=== Information supplied ===
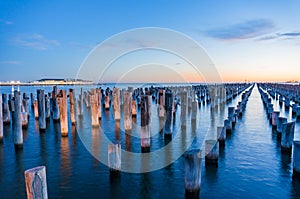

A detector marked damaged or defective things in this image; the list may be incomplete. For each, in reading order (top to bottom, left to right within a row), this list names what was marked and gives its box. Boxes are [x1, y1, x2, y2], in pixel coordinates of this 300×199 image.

broken wooden post [24, 165, 47, 199]
broken wooden post [183, 149, 202, 197]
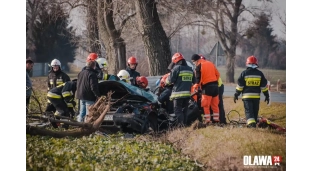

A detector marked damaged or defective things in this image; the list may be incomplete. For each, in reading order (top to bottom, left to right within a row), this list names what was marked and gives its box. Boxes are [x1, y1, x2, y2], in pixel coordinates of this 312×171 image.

severely damaged car [97, 79, 201, 134]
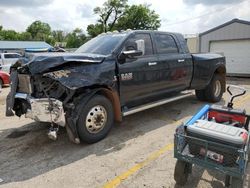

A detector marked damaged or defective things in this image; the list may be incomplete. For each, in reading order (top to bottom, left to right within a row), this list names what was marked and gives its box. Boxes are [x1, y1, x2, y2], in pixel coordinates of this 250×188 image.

bent hood [20, 53, 105, 75]
damaged black truck [5, 30, 226, 143]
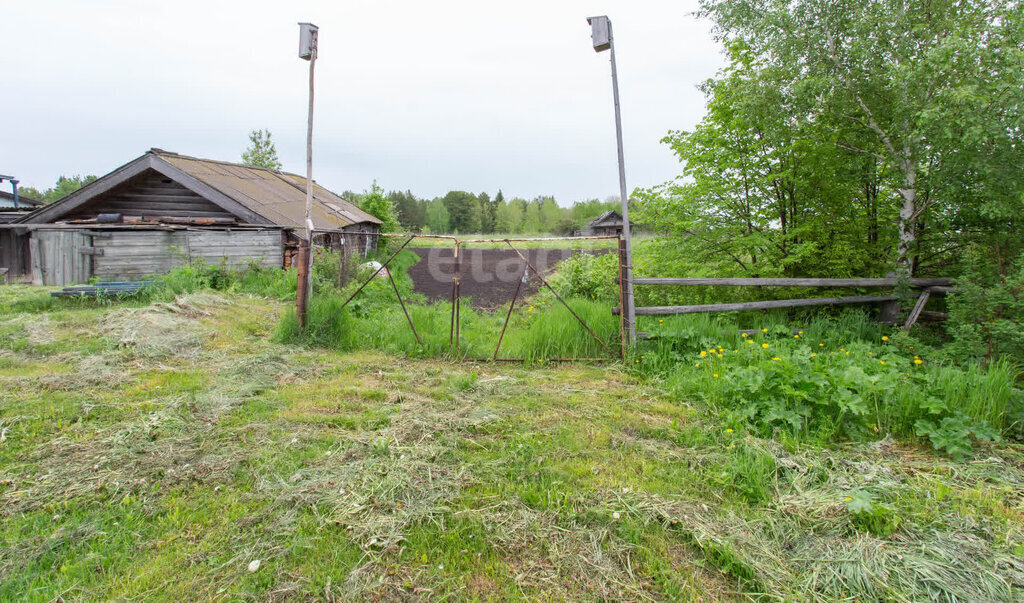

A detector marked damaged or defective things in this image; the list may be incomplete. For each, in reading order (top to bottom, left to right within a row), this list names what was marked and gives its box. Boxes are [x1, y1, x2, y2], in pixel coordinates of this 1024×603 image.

rusty metal roof [155, 149, 385, 228]
rusty metal gate frame [311, 230, 618, 362]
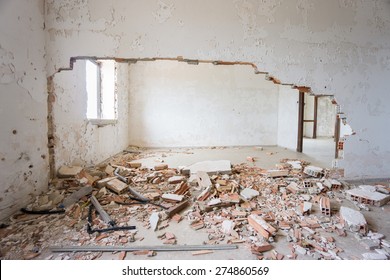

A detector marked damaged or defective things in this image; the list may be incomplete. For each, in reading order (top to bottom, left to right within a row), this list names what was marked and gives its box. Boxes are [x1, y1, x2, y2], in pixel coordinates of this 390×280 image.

broken white wall [0, 1, 48, 222]
broken white wall [51, 60, 129, 171]
broken white wall [128, 60, 278, 148]
broken white wall [44, 0, 390, 178]
broken white wall [278, 86, 298, 150]
broken white wall [316, 96, 336, 138]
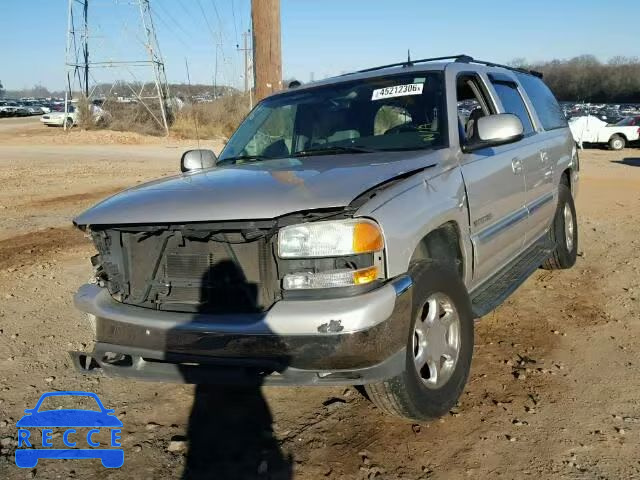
===
Using the listing above, copy every line from the line containing "this 312×171 image." through the last one, both included, and no other lines. Pictures stay out.

Result of this task
A detector marked damaged or defective things in this image; the list may be incomplete. For each, in reading order (top to bottom, left to right within a row), this list names what was marked and gives its box. Boxes are [x1, y1, x2, y2], in pixel coordinates of this 312×171 image.

severely damaged car [97, 79, 201, 134]

A detector marked damaged or defective things in this image; the list may be incomplete. For each, in reading order (top to bottom, left to right within a row), this list names what was marked and gives its box. Boxes are [x1, y1, x2, y2], in pixel coordinates of this 250×188 image.

bent hood [20, 53, 105, 75]
damaged black truck [5, 30, 226, 143]

A detector marked damaged or defective things in this image; the list may be incomplete. For each, in reading order (top to bottom, left to right within a row), this list names what was marked and gives its box. Boxes are [x1, y1, x2, y2], in pixel coordinates of this 1024×603 image.

rusty metal roof [155, 149, 385, 228]
rusty metal gate frame [311, 230, 618, 362]

A detector marked damaged or defective things in this image; the list may be incomplete. For each, in reading order (top to bottom, left to right within a row), this list names what was marked and gives its box. Boxes are [x1, y1, x2, y2], in pixel coordinates of this 390×280 image.

broken white wall [0, 1, 48, 222]
broken white wall [51, 60, 129, 171]
broken white wall [128, 60, 278, 148]
broken white wall [44, 0, 390, 178]
broken white wall [278, 86, 298, 150]
broken white wall [316, 96, 336, 138]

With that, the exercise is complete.